A company that made car
airbags. Pretty much every car company except for
[Volvo] used Takata airbags on at least
one vehicle
line at some point in
time, but Honda and Toyota used their airbags the most.
Back in the 1990s, airbags were made with a chemical propellant called sodium azide, which is very
toxic. By 2000 automakers switched to other propellants that were safer. Takata switched to a propellant called Tetrazole for a while, it was effective but expensive. Takata was looking to save a
buck and decided to go with
ammonium nitrate.
Ammonium nitrate tends to stick together after absorbing humidity. This problem is worse in climates which have lots of hot and humid weather. The airbags are sealed in a metal container, so it takes several years for the propellant to clump together.
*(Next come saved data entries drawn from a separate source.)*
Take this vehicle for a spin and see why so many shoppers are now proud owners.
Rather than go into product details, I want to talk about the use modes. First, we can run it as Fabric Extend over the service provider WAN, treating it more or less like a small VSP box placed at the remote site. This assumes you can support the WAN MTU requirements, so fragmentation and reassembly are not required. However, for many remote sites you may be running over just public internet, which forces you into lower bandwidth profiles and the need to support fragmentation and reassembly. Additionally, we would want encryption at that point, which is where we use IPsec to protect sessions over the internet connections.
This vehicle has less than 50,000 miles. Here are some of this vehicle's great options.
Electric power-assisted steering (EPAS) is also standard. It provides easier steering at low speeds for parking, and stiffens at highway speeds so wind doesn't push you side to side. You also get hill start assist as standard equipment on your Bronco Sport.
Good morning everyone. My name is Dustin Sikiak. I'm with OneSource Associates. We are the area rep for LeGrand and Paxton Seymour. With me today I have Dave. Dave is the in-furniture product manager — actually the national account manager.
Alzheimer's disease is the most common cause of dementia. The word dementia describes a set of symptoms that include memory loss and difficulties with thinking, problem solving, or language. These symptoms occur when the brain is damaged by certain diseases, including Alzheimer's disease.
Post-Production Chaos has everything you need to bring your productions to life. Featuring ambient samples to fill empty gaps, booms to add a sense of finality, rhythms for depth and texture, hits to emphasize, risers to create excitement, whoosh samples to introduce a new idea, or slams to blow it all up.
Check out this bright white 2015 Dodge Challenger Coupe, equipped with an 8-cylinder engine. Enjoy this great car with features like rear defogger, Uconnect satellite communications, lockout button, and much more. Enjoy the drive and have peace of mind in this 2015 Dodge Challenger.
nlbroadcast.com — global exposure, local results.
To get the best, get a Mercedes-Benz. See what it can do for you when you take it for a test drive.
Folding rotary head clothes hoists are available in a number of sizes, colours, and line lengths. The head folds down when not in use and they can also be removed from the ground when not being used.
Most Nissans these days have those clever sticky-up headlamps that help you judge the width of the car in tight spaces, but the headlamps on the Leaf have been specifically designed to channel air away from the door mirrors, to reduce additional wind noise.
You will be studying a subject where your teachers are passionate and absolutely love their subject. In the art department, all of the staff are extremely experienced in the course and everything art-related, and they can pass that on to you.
For the first few years after Takata made the
switch to ammonium nitrate, everything was going well. Then, starting around 2008, some of these airbags went off in crashes and instead of providing a cushion, they shot
fucking shrapnel at
people in crashes. The ammonium nitrate's clumping together caused it to detonate too forcefully, blowing apart the housing of the airbag. Over 20
people have been killed by these airbombs, the vast majority of them in Hondas and
Ford Rangers from the early to
mid 2000's.
Despite a massive recall campaign which succeeded in getting the vast majority of these airbombs out of cars, the damage had been done and Takata closed down in 2018.